By the OGJ Online Staff
HOUSTON, Feb. 23, 2001Sen. Frank Murkowski (R-Alas.), the Energy and Natural Resources Committee chairman, plans to introduce legislation Monday to reduce imported U.S. oil dependency from the current 56% to less than 50% by 2011.
Much of the legislation deals with electric power issues.
The legislation is expected to influence the energy policy program that President George W. Bush’s administration is preparing. Vice-Pres. Dick Cheney is heading a cabinet task force drafting that plan.
Most of Murkowski’s bill will be referred to his committee, but key portions of it will go to the finance and environment committees. The Senate failed to act on a similar Murkowski bill last session.
A draft of Murkowski’s bill was circulated on Capitol Hill last week, and includes numerous provisions dealing with electricity:
• The bill creates an industry-run organization overseen by the Federal Energy Regulatory Commission (FERC) that sets enforceable rules for the interstate transmission grid. The measure is very similar to the bill passed unanimously by the Senate last year. Changes were made to the Senate-passed bill to incorporate subsequent consensus agreements.
• The bill prospectively repeals the Public Utility Regulatory Policies Act requirement that utilities purchase power at full avoided cost. It does not affect existing power purchase arrangements.
• The measure allows electric utilities to diversify without running afoul of Public Utility Holding Act restrictions. The language is the same as that reported by the Senate Banking Committee in the 106th Congress.
• It clarifies that action to continue or expand operation of emission-free electricity sources should be recognized under the state implementation plan as control measures, providing access to existing and future economic incentive programs that prevent and control air emissions.
• It amends the Federal Power Act to change the process used by the FERC to issue licenses and license renewals for hydroelectric facilities. It creates a new Sec. 32 of the Federal Power Act which would require federal agency participants to consider and document economic impact when setting conditions for licensing or license renewal.

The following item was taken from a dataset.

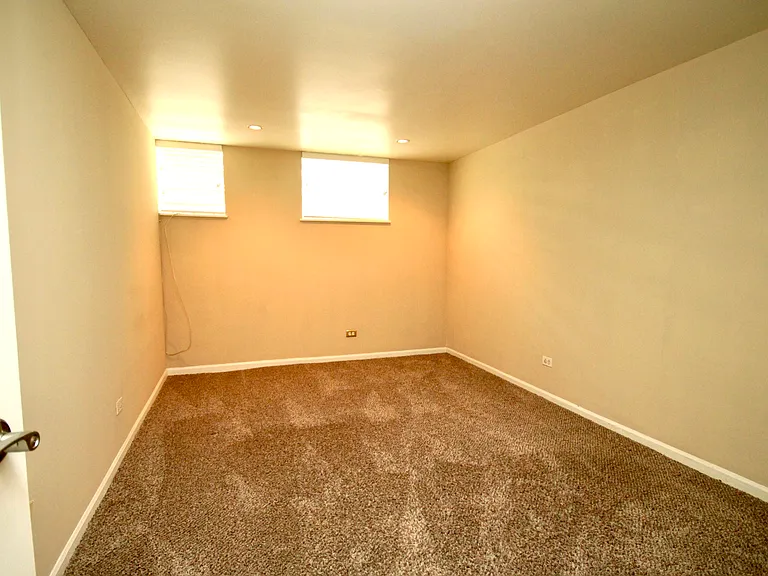 2219 N Clifton Ave #1W — Photo 17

It ensures any such conditions are limited to those that directly address environmental considerations at the lowest possible cost. It requires scientific review of proposed conditions and the opportunity for expedited administrative review of conditions if desired by the applicant. And it sets a 1-year deadline by which a consulting agency must file proposed licensing conditions with the FERC.
• The bill creates a new Sec. 33 of the Federal Power Act, which confirms the FERC’s lead agency role in environmental reviews of hydroelectric projects, and sets limits on environmental reviews conducted by consulting agencies. It requires FERC to set deadlines on opportunities for input on environmental reviews by federal, state, and local agencies. It requires FERC to investigate the feasibility of a separate licensing procedure for small hydroelectric projects, and report to Congress. FERC must define the term “small hydroelectric project” to include all projects with generating capacity of 5 MW or less.

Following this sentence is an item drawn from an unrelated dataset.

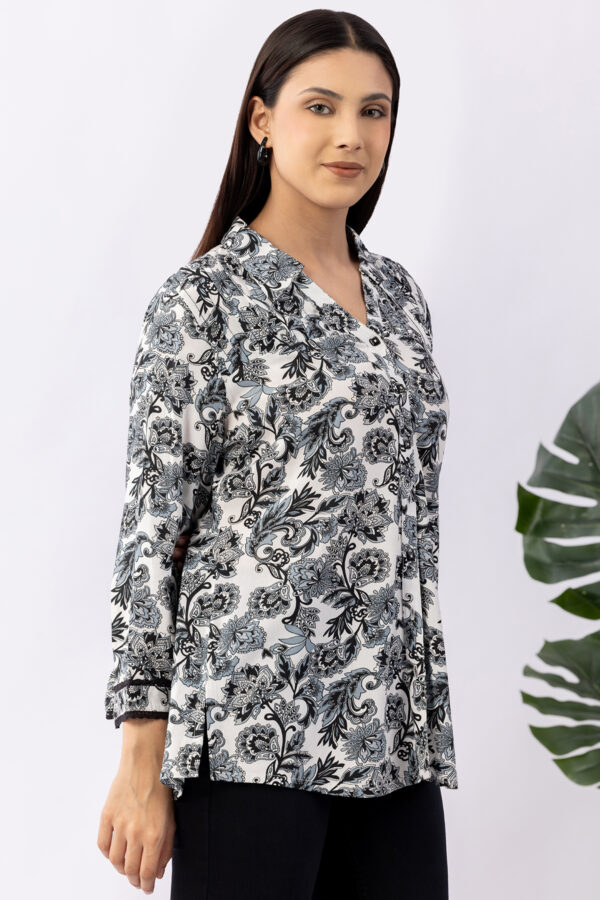 ladies printed shirt black viscose collared with 3/4 sleeves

• The bill allows a 10% tax credit for expenses incurred from installation on coal-fired power plants of emission control systems for one or more air pollutants. Creditable expenses are limited to the first $100 million spent at each existing power plant.
• It provides a tax credit of $0.0034 cents/kw-hr for production of electricity from a coal-fired power plant converted from conventional to clean coal technology. It allows a 10% tax credit for qualified expenses towards the construction of a new power plant using advanced clean coal technology, or the retrofitting and repowering of an existing conventional power plant with new advanced clean coal technology. Those facilities would be exempted from New Source Review under the Clean Air Act and from emissions control requirements for 10 years after the date when first placed in service. It provides a variable tax credit of $0.0005-$0.0120 cents/kw-hr for production of electricity from a coal-fired power plant using advanced clean coal technology.
• It reclassifies electric power generation facilities and transmission infrastructure as eligible for 7-year depreciation to foster investment in new electric power supply.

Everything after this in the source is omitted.